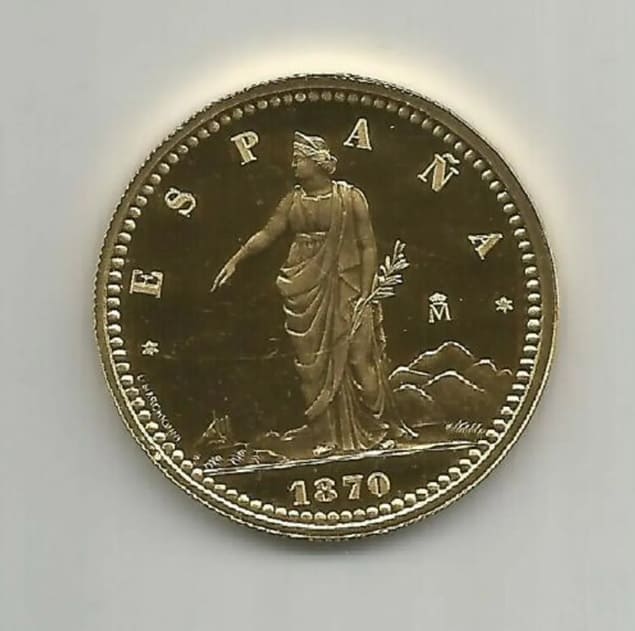 Moneda de 100 pesetas de 1870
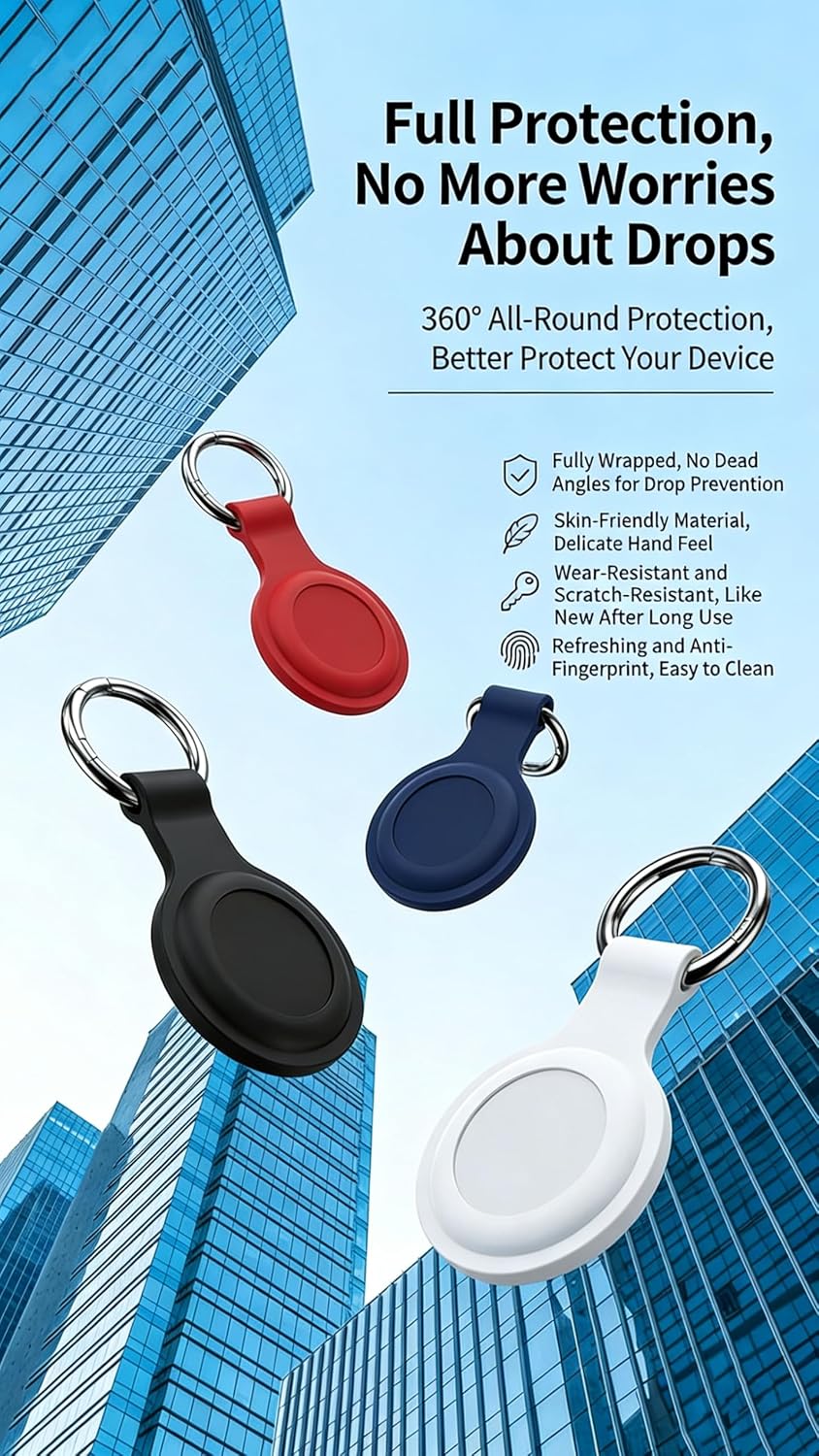 Aslotech [4 Pack Set] Family Case Compatible with AirTag Holder Case Keychain,Silicone for Key Chain Ring Case Cover
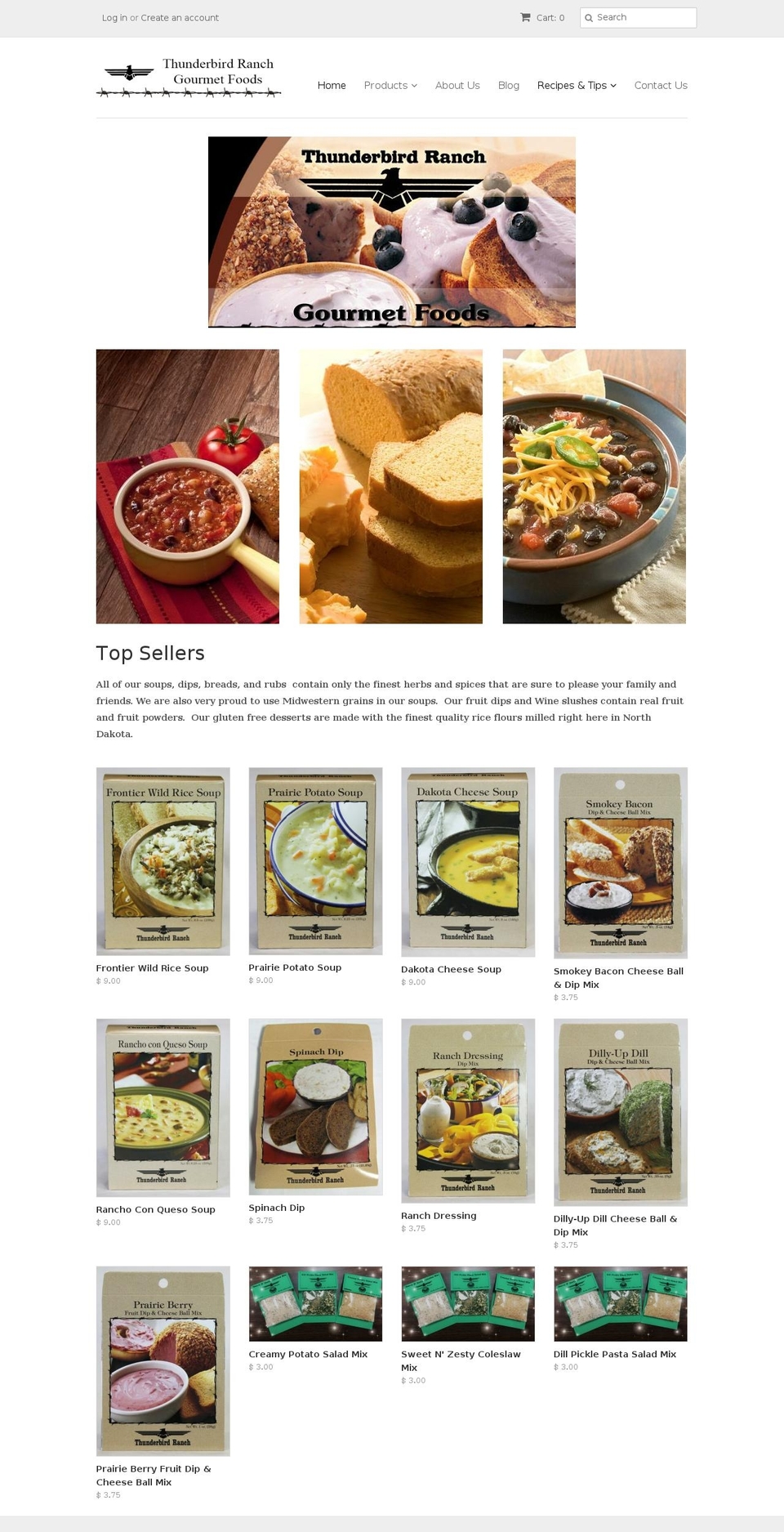 thunderbirdgourmet.com — Shopify storefront screenshot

WORK REQUEST =
Make an exact copy of the lines from the one holding "Aslotech [4 Pack" through the end of the material, both ends included, and keep the pictures out of it.

OUTPUT OF THE EXERCISE =
 Aslotech [4 Pack Set] Family Case Compatible with AirTag Holder Case Keychain,Silicone for Key Chain Ring Case Cover
 thunderbirdgourmet.com — Shopify storefront screenshot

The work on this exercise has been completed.